People move to New York looking for magic, and nothing will convince them it isn't there. Charles Thomas Tester hustles to put food on the table, keep the roof over his father's head, from Harlem to Flushing Meadows to Red Hook. He knows what magic a suit can cast, the invisibility a guitar case can provide, and the curse written on his black skin that attracts the eye of wealthy white folks and their trained cops.
But when he delivers an occult page to a reclusive sorceress in the heart of Queens, Tom opens a door to a deeper realm of magic and earns the attention of things best left sleeping. A storm that might swallow the world is building in Brooklyn. Will Black Tom live to see it break?

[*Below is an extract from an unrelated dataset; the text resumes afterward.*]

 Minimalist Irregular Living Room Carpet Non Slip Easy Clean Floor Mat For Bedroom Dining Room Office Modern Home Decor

©2016 Victor LaValle (P)2016 Macmillan Audio
"Absorbing, sad, and uncanny Lovecraftian tale of an outsider from Harlem"
This story does a lot in a short space but never loses its cool focus. The author played with all the tropes just right to dig into the atmosphere, the character, and the unknowable, untameable, supernatural forces at play. Having blues music (its lyrics, its power, its emotion, its loss, its use as plot lure for the protagonist as musician) merge with a well-paced Lovecraftian tale of temptations and mistakes was a treat, and that state of segregation and blatant racism from whites with blacks and chinese and whoever else deemed foreign and as low as a beast in society of that time is emphasized by, and helps to emphasize, the sense of dangerous boundaries, of being an outsider and of having outside forces lurking in the corner of our lives. But besides these societal and Lovecraftian forces at play, we also have the protagonist's personal relationships and self-awareness bringing in a sad, touching thread of humanity struggling to survive its fall. I also enjoyed having the story flip to another character's view in the middle to give us another layer to the horror. Highly recommended listen. The narrator was spot on, and gave justice to different character accents. Get it.

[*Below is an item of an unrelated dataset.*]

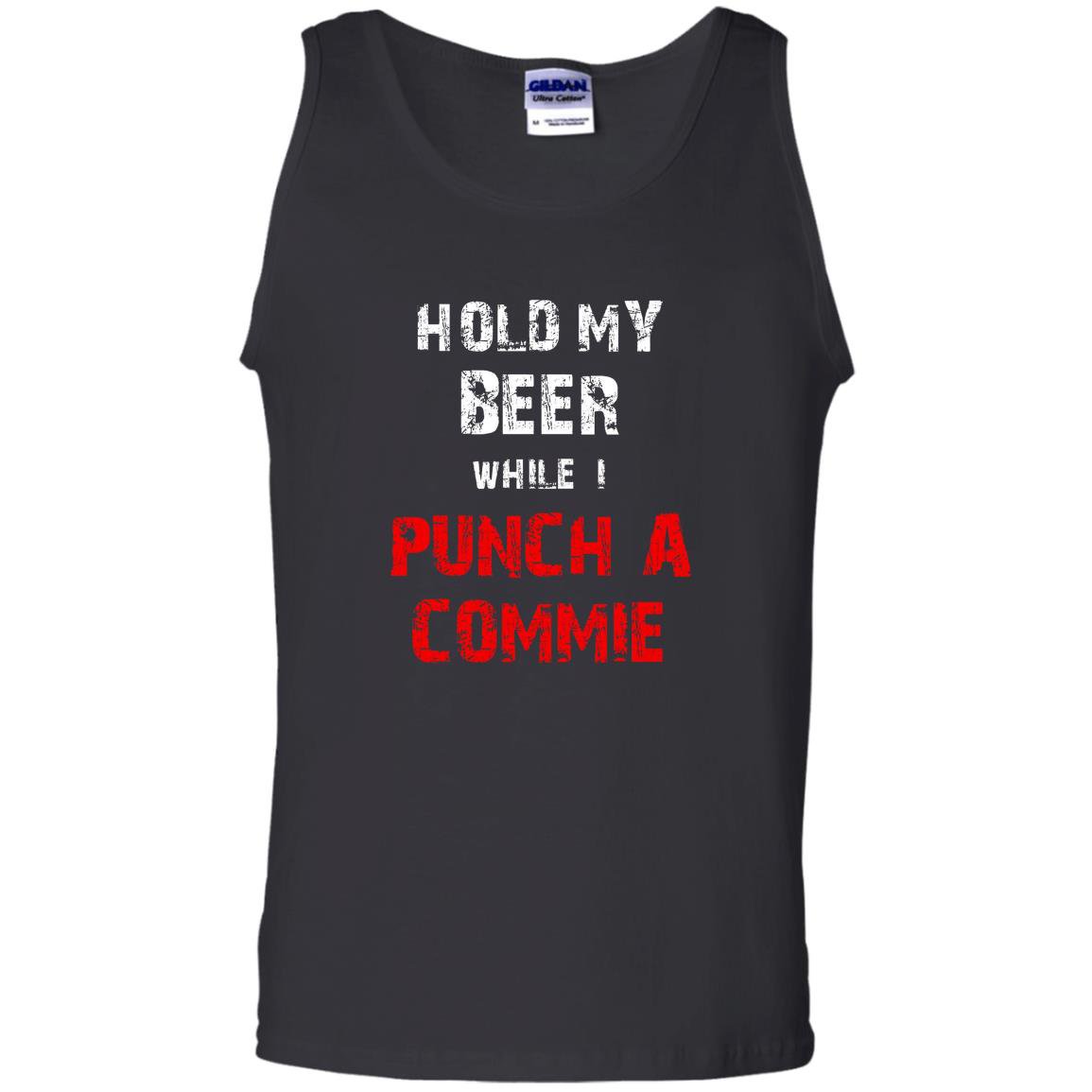 Hold my beer while i punch a commie beer drinking Tank Top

"One of the best books I've heard all year."
Utilizing some of the established Lovecraftian mythos almost as an afterthought, Victor LaValle spins his tale in a manner so engrossing that you lose yourself in the New York of yesteryear.
By the end of the tale, you're unsure exactly who to root for- Black Tom or the world he would destroy- and the story's monsters are so vile and detestable that you'll find yourself wishing they were supernatural.
My highest possible recommendation- both for story and for Kevin R. Free's nuanced storytelling.
Five of Five stars- in all categories.
Boring story but great audio. If you're listening this for recreational use you might fall asleep due to its poor plot.